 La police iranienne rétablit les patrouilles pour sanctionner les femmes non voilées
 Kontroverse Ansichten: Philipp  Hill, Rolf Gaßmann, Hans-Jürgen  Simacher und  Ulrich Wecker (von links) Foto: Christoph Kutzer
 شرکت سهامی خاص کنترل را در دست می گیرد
++++
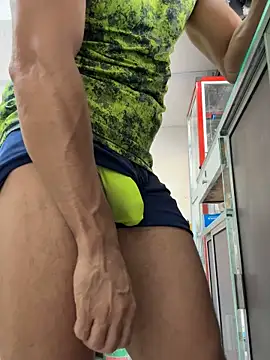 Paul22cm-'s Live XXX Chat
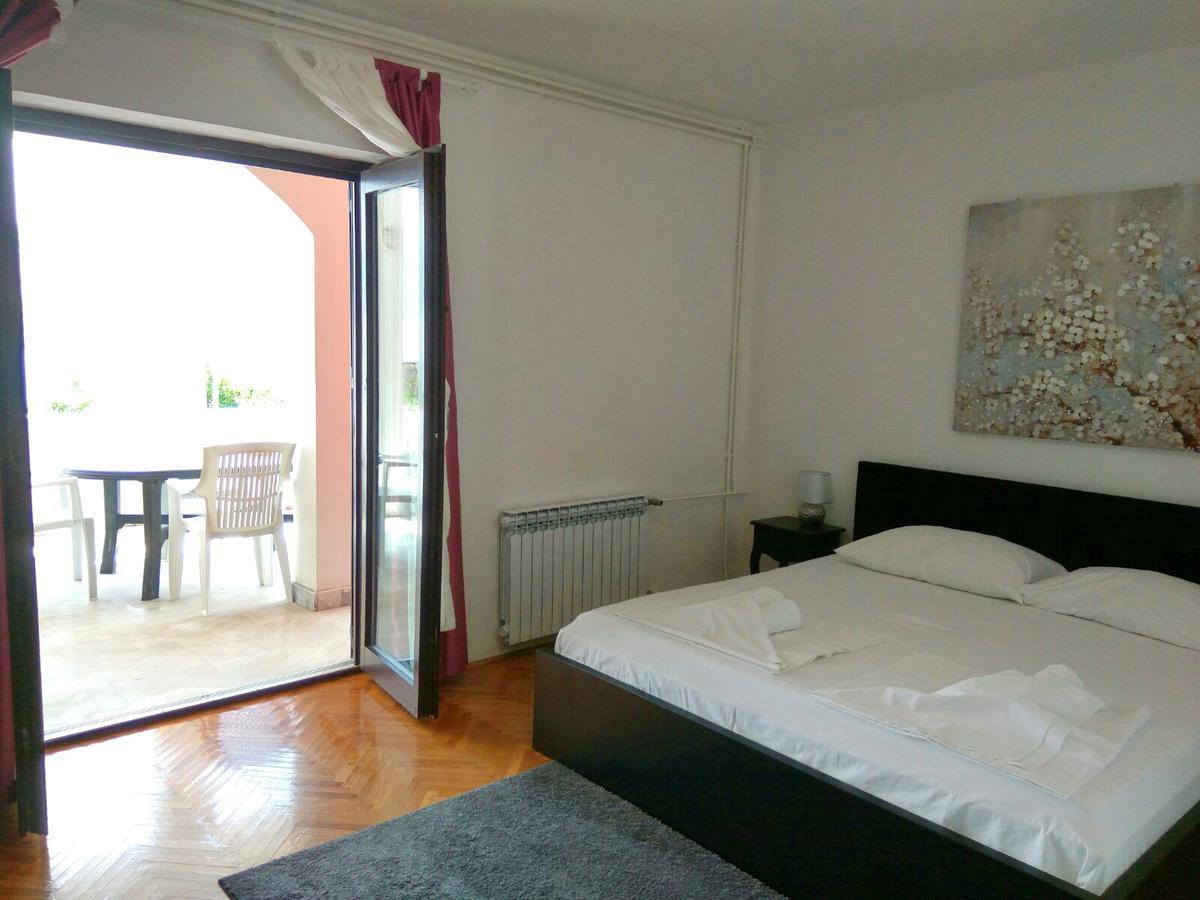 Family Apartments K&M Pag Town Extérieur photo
++++
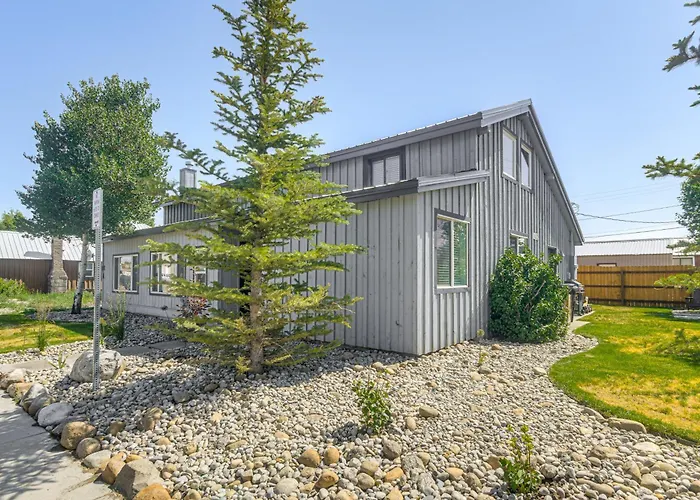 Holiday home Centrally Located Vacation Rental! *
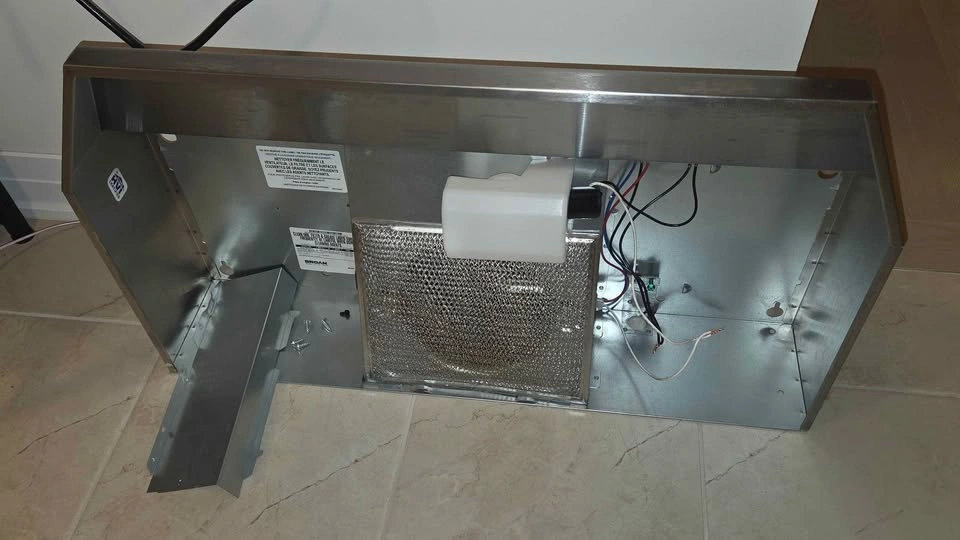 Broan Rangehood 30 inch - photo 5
++++
*WHAT IS EXPECTED*: Set down exactly the lines above, from the line containing "Holiday home Centrally" through the line containing "Broan Rangehood 30 inch - photo 5". Skip the pictures.

*SOLVED PROBLEM*:
 Holiday home Centrally Located Vacation Rental! *
 Broan Rangehood 30 inch - photo 5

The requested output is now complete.